Three years' jail for bus driver in crash


A BUS driver involved in a fatal road crash in Co Meath has been jailed for three years.

Sorin Dinu (45), Castlecurragh Heath, Mulhuddart, Dublin 15, was driving a Bus Éireann coach when his vehicle became airborne at a roundabout on the old Dublin-Galway road near Enfield on February 23rd, 2009, and struck the top of an SUV driven by Cathal O’Leary (37).

Mr O’Leary, who was driving to work in Dublin, died instantly.

The defendant, who had originally denied a charge of dangerous driving causing the death of Mr O’Leary at Johnstown, Enfield, Co Meath, pleaded guilty on the fourth day of his trial at Trim Circuit Court earlier this year.

The court heard the bus was approaching the roundabout on a misty morning just before 6.30am when it veered to the right onto the wrong side of the road, colliding with the raised island in the centre of the roundabout.

The bus became airborne and its rear undercarriage struck the top of Mr O’Leary’s SUV, which was on the opposite side of the roundabout. The bus continued on and crashed through a fence and into a field before coming to a halt 48m away.

The court was told the tachograph in the bus showed it had been travelling at 75km/h as it entered the mouth of the roundabout.

The defendant had told gardaí the brakes in the bus had failed to respond as he approached the roundabout.
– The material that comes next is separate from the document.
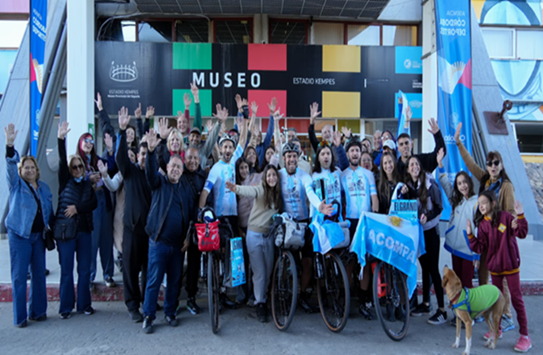 Los 4 amigos partieron esta mañana desde la explanada del estadio Mario Alberto Kempes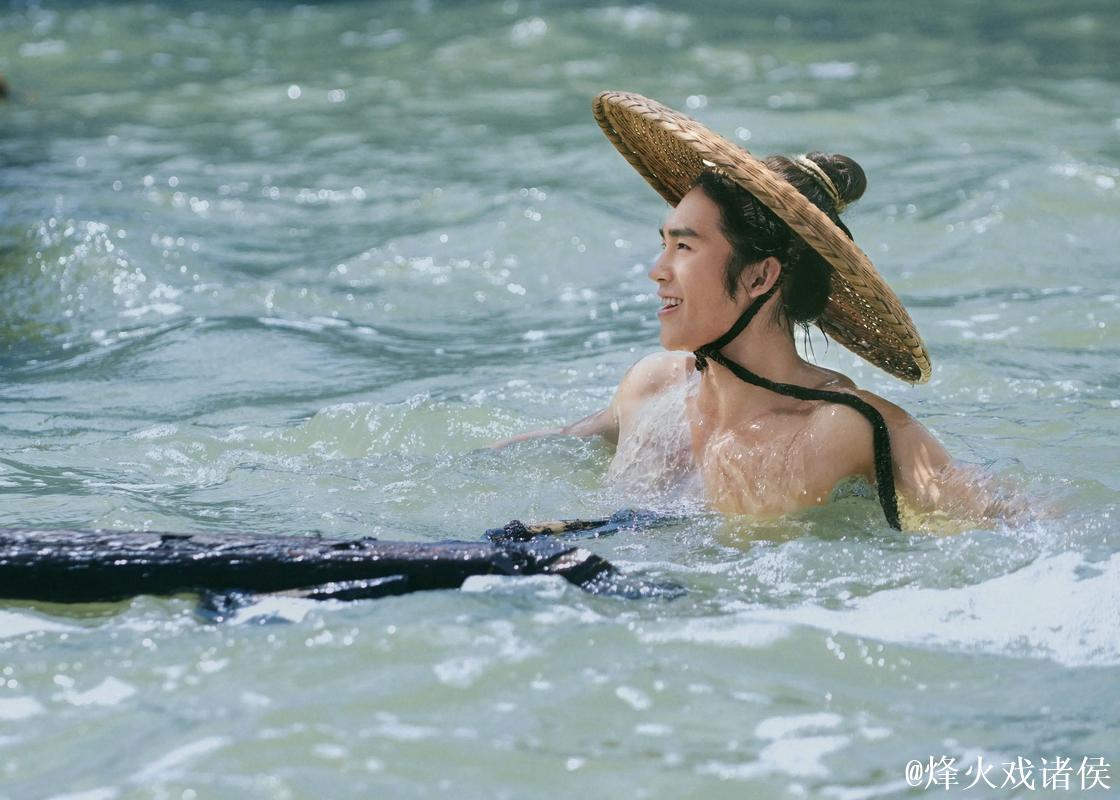 于适单人挥旗入场引发观众惊叹 于适单人挥旗入场引发观众惊叹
However, a subsequent inspection found the vehicle was in good mechanical order and the brakes were working properly.

A forensic examination of the scene found no sign of brake marks on the road.

Sentence had been adjourned until yesterday to allow time for the preparation of a probation report on the defendant and victim impact statements from Mr O’Leary’s partner and family.

Elizabeth Finn, the dead man’s partner, who had been a front-seat passenger in his jeep on the day of the crash, told the court they had talked of having a family and growing old together, but the world had stopped for her the day he died.

She could no loner go places they had gone together. “There were too many reminders,” she said.

She had suffered stress and trauma and had become withdrawn, finding it difficult some days even to get up, she said.

Lorraine O’Leary, the dead man’s sister, told the court he had been a great son, brother and uncle, and that his death had left the family with an unbearable amount of pain.

“Our grief has been exacerbated by the media coverage of the trial, especially the television image of the crashed vehicles,” she said.

The defendant, a father of two, broke down in the witness box and sobbed as he extended his sympathy to the family.

“I want to express my endless sorrow for the unfortunate incident which caused his death. I don’t know what happened. I am asking myself a thousand times what happened but there is no answer,” he said.

A defence barrister told the court his client, who had come to Ireland from Romania in 2002, had been under stress at work prior to the crash as he had been told he was to be made redundant and had feared that he would not be able to maintain the payments on his mortgage loan.

His client had to work one of his rest days in the previous week, had only five hours’ sleep on the night before the incident, and a psychiatric report indicated he may have fallen asleep at the wheel just before the incident, the barrister added.

Judge Michael O’Shea said the evidence had shown that the defendant had failed to approach the roundabout at the proper speed and had allowed the bus to go out of control.

He said Cathal O’Leary was irreplaceable and his loss was catastrophic, and while the incident had been a tragedy for Sorin Dinu, he still had his life to look forward to.

The judge imposed a prison sentence of three years and a 10-year driving ban.